Ten long hours later (oh, excuse me — it’s not even five), Lane will find himself floundering in the epic aria during which Hickey unburdens himself of his own pipedream. But who could blame him? Like the play itself, the scene is wordy, repetitious and seriously overwritten. Artistic purity be damned; the play, the playwright, the actors, and the audience would have been better served by a streamlined version of the overwrought script.
That said, if not universally acknowledged by purists, it’s a tribute to helmer Robert Falls and his fine ensemble that, no matter how exhausted, the audience remains spellbound.
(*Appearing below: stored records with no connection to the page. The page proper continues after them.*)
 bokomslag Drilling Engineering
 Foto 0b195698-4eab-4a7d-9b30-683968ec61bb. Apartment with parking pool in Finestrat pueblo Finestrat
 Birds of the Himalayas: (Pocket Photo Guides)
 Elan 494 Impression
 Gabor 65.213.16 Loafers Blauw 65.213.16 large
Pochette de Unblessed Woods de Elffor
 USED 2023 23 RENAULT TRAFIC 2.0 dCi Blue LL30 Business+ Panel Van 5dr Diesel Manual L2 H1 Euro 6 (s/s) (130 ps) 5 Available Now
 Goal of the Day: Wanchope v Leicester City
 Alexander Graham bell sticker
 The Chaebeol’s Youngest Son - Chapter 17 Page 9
Many of the performers are repeating the roles they created in the original 2012 production, and some of them seem to own their characters, who represent a cross-section of society’s wretched rejects. Stephen Ouimette is heartbreaking as Harry Hope, who hasn’t stepped outside his saloon in 20 years, still in mourning for his beloved late wife — or so he believes, until Hickey forces him to come clean about the ties that really bind him here. James Harms could make a turnip weep as James Cameron, a sad old newsman known as Jimmy Tomorrow for his insistence that he will march right into his old newsroom and re-claim his job — tomorrow. And John Douglas Thompson, a formidable classical actor, is downright riveting as Joe Mott, the former owner of a Negro gambling house who only needs a decent stake to step back into his old life — provided he can keep his towering rage in check.
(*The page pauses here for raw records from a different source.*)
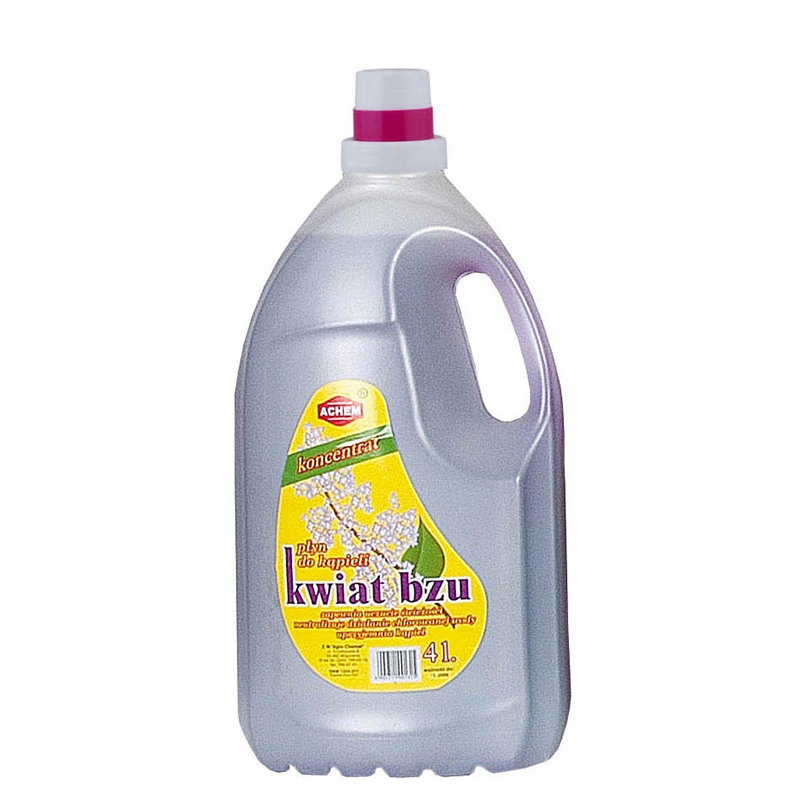 

Achem Kwiat Bzu 4l płyn do kąpieli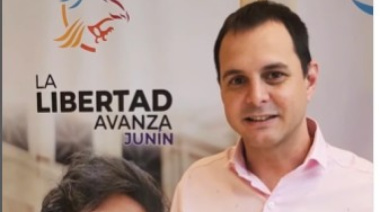 Libertario en duda para el Concejo Deliberante juninense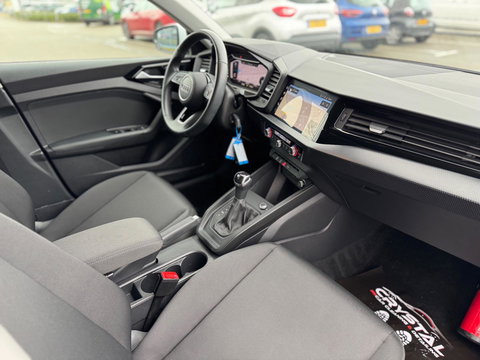 Audi A1 SPORTBACK 30 TFSI S Line S Tronic Navi PDC Virtual Stoelv.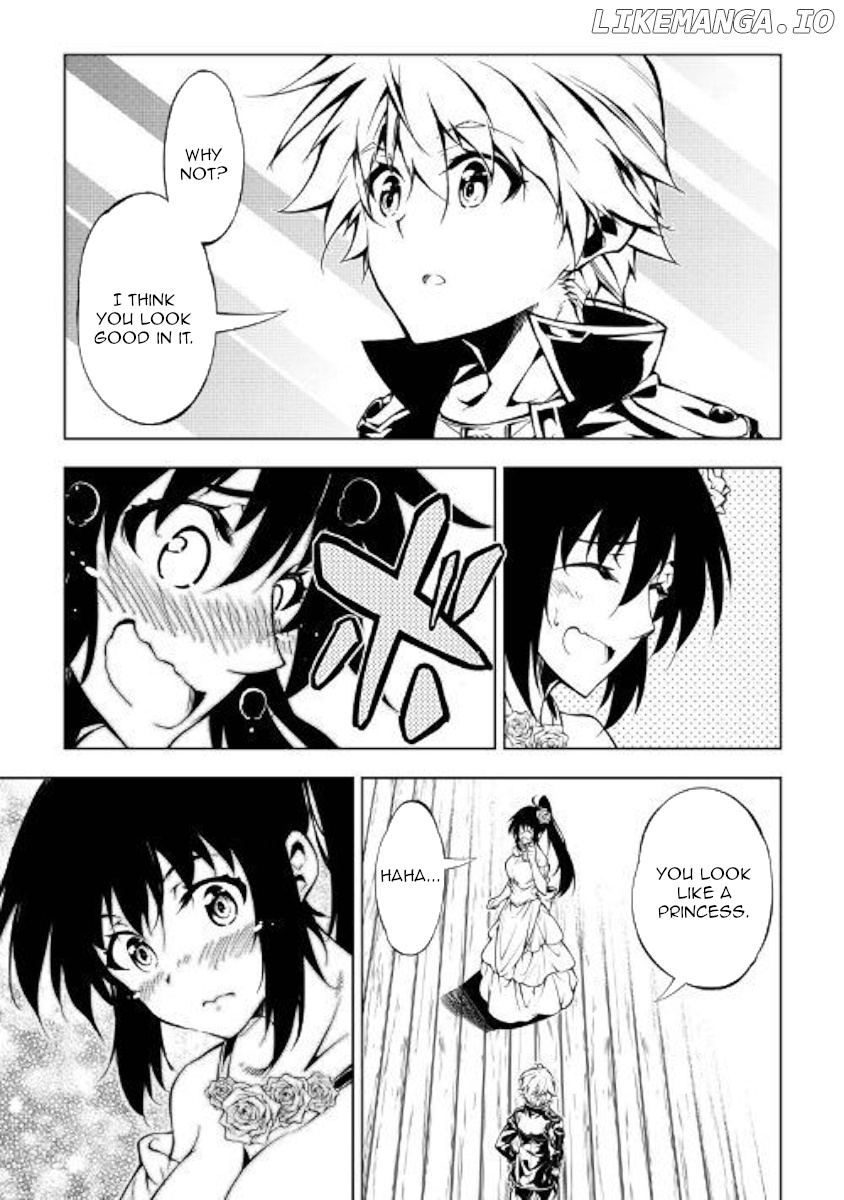 Kouritsu Kuriya Madoushi, Daini no Jinsei de Madou o Kiwameru chapter 35 - page 14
Not all of the performances are on that level. Don Parritt (Patrick Andrews), the sniveling runaway from his mother’s cell of political radicals, is supposed to be pathetic, not irritating. But even smaller roles can be electrifying in the hands of someone like Lee Wilkof, who makes that boring old anarchist, Hugo Kalmar, far more complex and much more frightening than he’s traditionally played. And Kate Arrington brings a lovely quality to Cora, the much-traveled streetwalker who keeps promising to walk away from her profession.
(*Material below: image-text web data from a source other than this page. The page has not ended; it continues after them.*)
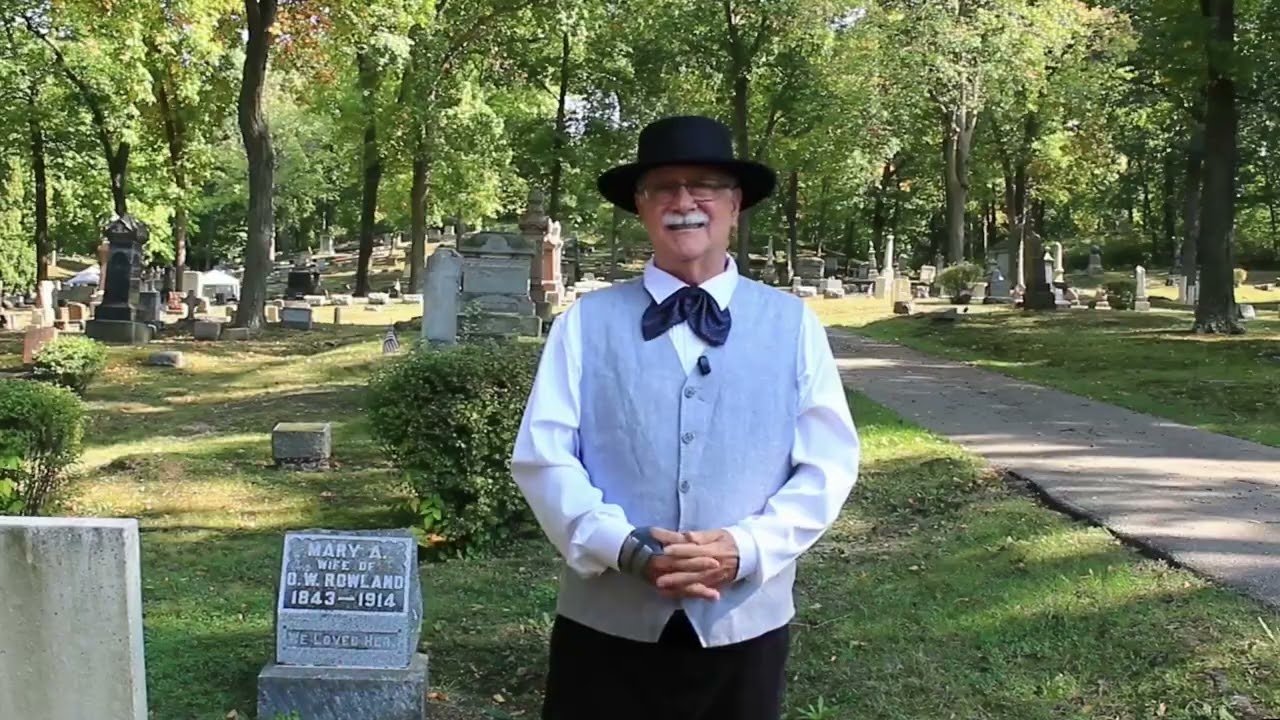 Voices from the Past (2025): Tales From Prospect Hill Cemetery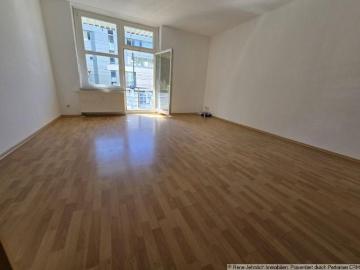 Exklusive 3 Raum Wohnung auf dem Kaßberg + Stellplatz möglich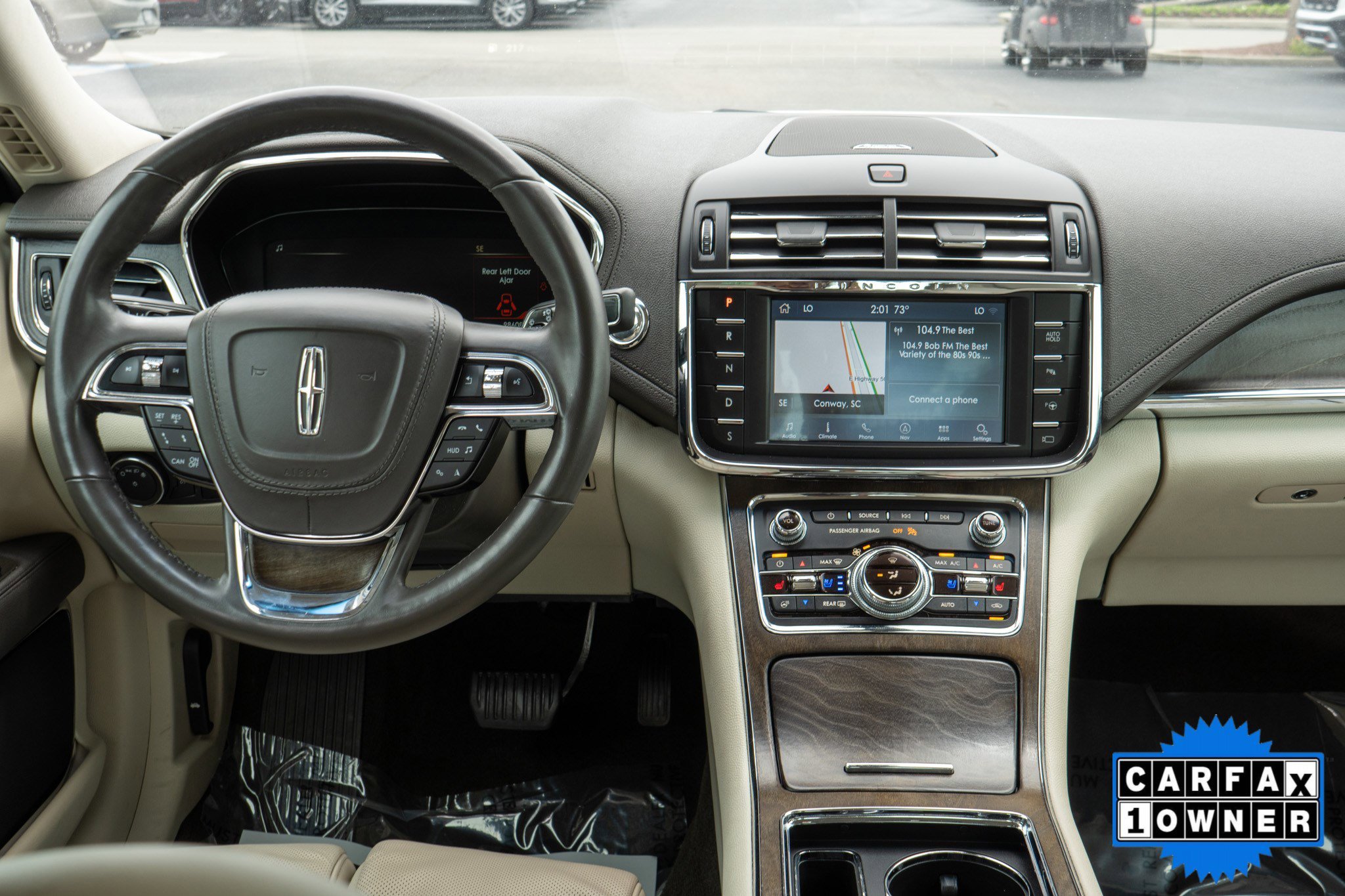 Used 2020 White Lincoln Reserve image 14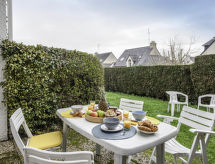 Knus appartement in La Trinité-sur-Mer, vlakbij zee en strand - thumbnail 5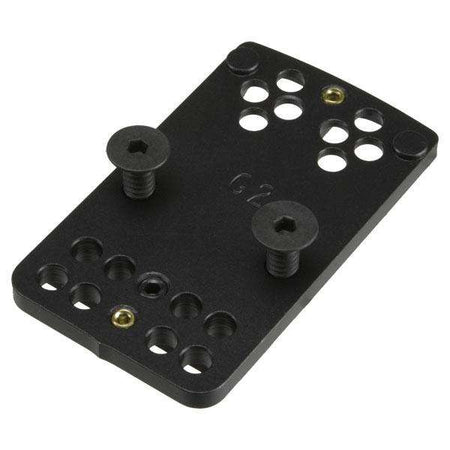 TRUGLO GLOCK RED DOT SIGHT MOUNT TRIJICON RMR ( 6 PER CASE)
O’Neill writes with furious passion about the lies that blind us to our true selves. In Hickey’s voice, he makes a case for truth being the absolution of guilt. But then there’s Larry Slade’s argument that we’ve earned our guilt and should live — or die — with it. At the end of this harrowing look into the souls of the damned, we’re more inclined to say: Whatever gets you through the night.